Le voyageur ordinaire ne soupçonne pas toute l'audace et la volonté que doivent déployer ceux qui découvrent le monde malgré des capacités physiques restreintes.

Heureusement qu'André Leclerc a un bon sens de l'humour. Quand il s'est rendu en Espagne pour recevoir un prix de l'Organisation mondiale du tourisme pour ses années d'efforts à promouvoir le développement du tourisme accessible aux personnes à capacités restreintes, l'hôtel qu'on lui avait réservé était si mal adapté qu'il ne pouvait même pas entrer dans la salle de bains avec son fauteuil roulant! Pas plus que dans l'autobus qui, le lendemain, devait permettre à la délégation de visiter un petit village de l'arrière-pays. Il a ri de l'absurdité de la situation. Même s'il a dû rester derrière, déçu, une fois de plus.

André Leclerc a l'habitude d'être laissé en plan au Québec aussi. Le principe d'accessibilité est peu encadré légalement et repose surtout sur la responsabilité citoyenne, confirme-t-on d'emblée à l'Office des personnes handicapées du Québec. «Tout le monde est d'accord sur le principe, observe André Leclerc. Mais entre les voeux et les actions, il y a un monde.»

Le ministère du Tourisme s'en remet essentiellement à l'organisme Kéroul, fondé par André Leclerc pour suivre la situation et promouvoir l'accessibilité par la «Route accessible» (www.larouteaccessible.com), qui répertorie les lieux touristiques du Québec adaptés et sûrs pour tous.

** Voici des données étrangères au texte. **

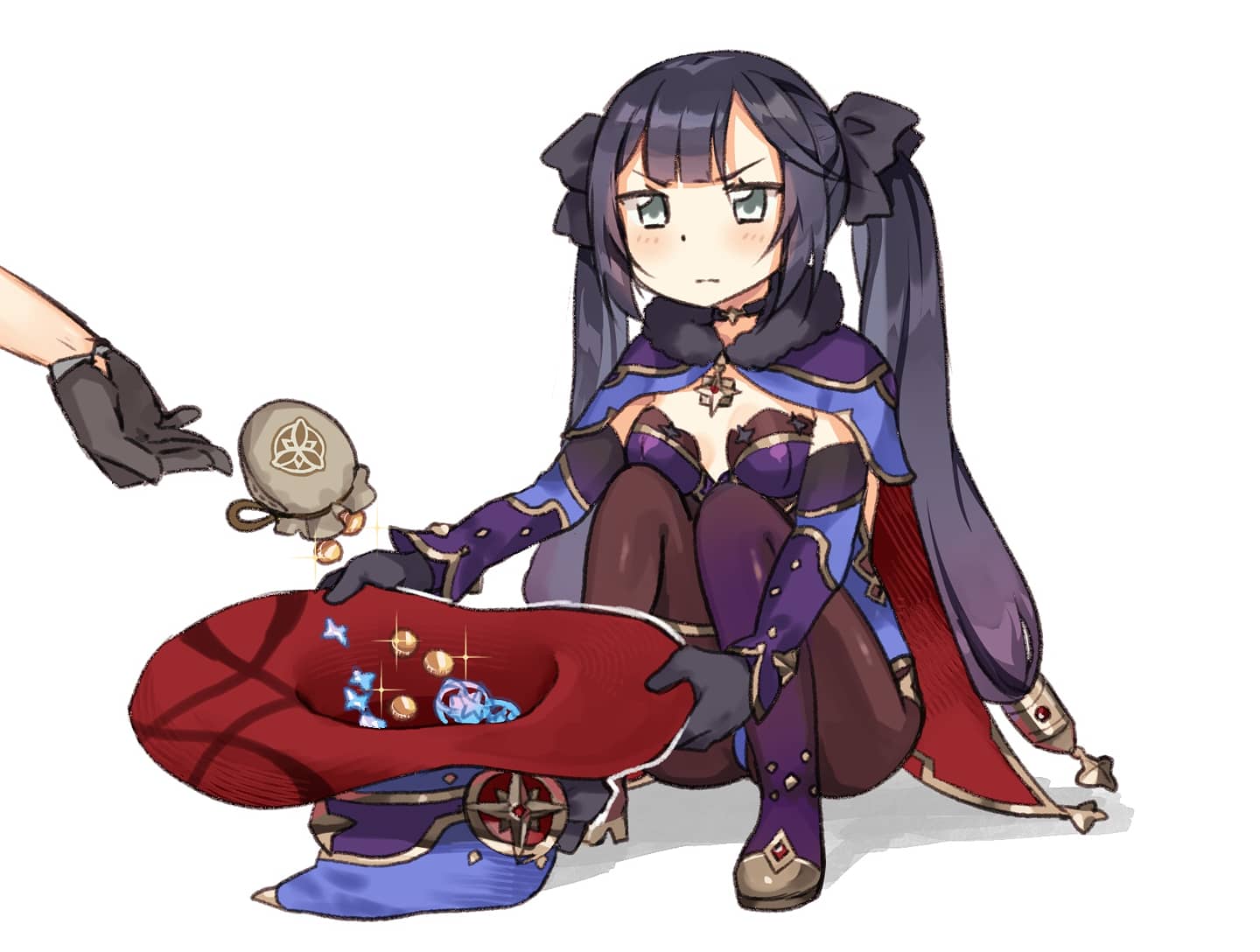 Mona Has Mora Genshin Impact HoYoLAB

Kéroul n'a toutefois aucun pouvoir coercitif.

Que dit la loi?

Certes, la Régie du bâtiment veille bien à ce que les hôtels construits ou ayant fait l'objet de rénovations majeures après 2000 fassent en sorte que 10% de leurs chambres soient entièrement accessibles aux personnes en fauteuil roulant, c'est-à-dire de la rue jusqu'à la douche, mais l'infraction doit être décelée dans les cinq années suivant la construction, sinon aucune sanction ne peut être appliquée.

Pour les constructions plus anciennes, c'est la loi en vigueur au moment de la construction qui s'applique Les premières règles d'accessibilité n'ont été adoptées au Québec qu'en 1986.

Une enquête menée en 1999 par Kéroul a calculé qu'environ 16% des établissements hôteliers du Québec étaient partiellement ou totalement accessibles. Les options sont limitées et souvent plus chères que la moyenne.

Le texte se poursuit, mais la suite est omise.